- [Instructions for the task]: Pull every line that includes the word "pièces" out of the data below and copy it.

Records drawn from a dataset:
►

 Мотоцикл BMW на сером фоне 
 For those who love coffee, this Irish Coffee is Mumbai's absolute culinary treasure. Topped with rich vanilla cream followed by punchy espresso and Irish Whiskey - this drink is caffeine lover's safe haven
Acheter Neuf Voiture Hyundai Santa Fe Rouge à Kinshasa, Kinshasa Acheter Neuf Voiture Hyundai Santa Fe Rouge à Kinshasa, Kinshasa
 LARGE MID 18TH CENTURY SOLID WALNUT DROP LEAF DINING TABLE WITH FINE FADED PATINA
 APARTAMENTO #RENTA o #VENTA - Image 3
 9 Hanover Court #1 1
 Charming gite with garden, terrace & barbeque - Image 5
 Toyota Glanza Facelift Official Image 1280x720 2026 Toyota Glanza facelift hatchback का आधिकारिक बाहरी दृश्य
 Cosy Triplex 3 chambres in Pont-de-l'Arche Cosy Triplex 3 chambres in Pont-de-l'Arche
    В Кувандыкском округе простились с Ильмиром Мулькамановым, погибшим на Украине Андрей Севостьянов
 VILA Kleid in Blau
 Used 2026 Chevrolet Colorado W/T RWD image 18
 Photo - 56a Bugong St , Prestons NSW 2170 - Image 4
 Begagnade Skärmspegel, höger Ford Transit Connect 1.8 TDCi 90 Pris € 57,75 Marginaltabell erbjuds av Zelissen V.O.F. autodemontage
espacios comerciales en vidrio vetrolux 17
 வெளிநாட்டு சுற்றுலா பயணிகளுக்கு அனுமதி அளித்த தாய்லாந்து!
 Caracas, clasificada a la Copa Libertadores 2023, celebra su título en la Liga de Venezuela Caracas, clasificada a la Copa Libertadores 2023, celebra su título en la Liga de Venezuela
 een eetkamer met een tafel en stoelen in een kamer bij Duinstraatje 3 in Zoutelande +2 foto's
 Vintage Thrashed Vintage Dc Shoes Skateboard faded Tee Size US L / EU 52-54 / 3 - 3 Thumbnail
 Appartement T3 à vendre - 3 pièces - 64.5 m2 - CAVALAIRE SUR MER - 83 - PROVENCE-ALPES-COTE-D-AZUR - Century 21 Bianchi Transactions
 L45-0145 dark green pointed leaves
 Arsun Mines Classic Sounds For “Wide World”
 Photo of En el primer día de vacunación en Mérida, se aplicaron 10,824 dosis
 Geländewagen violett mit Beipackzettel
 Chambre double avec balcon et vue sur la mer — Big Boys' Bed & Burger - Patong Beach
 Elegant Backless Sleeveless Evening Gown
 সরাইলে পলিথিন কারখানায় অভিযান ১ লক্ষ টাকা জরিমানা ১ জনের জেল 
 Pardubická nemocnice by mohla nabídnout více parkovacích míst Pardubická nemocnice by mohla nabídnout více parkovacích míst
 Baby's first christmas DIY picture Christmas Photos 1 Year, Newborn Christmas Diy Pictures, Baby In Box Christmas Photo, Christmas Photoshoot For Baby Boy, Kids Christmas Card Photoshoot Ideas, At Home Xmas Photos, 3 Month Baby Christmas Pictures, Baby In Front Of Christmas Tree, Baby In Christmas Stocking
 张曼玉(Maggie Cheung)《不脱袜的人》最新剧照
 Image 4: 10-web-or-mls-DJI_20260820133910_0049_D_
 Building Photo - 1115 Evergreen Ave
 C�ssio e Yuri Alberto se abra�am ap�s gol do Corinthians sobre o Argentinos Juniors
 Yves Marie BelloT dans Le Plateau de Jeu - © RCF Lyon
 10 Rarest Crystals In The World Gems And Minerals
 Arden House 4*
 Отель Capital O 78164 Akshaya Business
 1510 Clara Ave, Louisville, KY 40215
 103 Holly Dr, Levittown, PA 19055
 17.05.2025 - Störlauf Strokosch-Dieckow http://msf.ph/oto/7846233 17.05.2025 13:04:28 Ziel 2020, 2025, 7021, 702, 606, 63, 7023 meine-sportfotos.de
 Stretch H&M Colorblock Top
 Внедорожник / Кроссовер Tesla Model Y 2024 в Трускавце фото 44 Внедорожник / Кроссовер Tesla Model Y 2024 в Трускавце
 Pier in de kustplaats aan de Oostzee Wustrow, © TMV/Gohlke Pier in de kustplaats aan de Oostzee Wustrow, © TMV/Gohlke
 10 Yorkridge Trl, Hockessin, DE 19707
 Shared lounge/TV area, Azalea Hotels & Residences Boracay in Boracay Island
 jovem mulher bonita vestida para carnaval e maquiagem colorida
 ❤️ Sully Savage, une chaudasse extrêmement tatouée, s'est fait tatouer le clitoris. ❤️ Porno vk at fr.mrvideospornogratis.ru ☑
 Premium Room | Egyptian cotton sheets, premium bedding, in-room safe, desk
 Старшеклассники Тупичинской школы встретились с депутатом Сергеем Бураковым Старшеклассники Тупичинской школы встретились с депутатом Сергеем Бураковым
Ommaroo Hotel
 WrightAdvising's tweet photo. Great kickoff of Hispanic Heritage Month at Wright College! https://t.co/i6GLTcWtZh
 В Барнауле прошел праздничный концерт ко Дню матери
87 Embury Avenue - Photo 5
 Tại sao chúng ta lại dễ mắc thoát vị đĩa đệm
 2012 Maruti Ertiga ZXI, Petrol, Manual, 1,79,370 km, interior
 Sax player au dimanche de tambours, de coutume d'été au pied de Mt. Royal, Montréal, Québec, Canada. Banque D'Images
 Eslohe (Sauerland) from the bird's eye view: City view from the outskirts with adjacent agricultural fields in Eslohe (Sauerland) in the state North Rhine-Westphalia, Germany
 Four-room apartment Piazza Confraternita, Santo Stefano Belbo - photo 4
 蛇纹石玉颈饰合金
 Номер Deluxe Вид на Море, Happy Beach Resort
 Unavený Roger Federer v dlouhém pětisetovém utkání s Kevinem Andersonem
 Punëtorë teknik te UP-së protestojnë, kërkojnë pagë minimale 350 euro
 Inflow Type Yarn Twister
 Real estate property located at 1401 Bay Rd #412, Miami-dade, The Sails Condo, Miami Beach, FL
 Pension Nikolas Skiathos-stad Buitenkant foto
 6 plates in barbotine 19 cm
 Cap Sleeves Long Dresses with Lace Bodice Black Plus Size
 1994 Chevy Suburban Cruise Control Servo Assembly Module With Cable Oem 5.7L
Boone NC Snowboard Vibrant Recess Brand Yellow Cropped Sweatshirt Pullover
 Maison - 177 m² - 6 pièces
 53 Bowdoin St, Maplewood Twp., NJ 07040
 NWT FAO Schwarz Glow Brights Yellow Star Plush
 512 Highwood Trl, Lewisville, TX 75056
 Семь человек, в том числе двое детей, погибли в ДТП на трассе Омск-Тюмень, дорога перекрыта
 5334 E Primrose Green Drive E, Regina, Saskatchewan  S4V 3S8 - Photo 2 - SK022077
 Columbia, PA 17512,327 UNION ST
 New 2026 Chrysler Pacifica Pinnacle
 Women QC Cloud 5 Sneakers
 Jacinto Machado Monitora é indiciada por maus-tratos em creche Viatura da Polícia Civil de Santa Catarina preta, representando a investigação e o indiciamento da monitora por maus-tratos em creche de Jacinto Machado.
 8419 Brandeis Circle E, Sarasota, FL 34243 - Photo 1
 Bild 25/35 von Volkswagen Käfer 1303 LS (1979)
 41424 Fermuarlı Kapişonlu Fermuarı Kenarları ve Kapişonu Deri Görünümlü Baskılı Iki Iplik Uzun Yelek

◄

- [Answer to the problem]:
 Appartement T3 à vendre - 3 pièces - 64.5 m2 - CAVALAIRE SUR MER - 83 - PROVENCE-ALPES-COTE-D-AZUR - Century 21 Bianchi Transactions
 Maison - 177 m² - 6 pièces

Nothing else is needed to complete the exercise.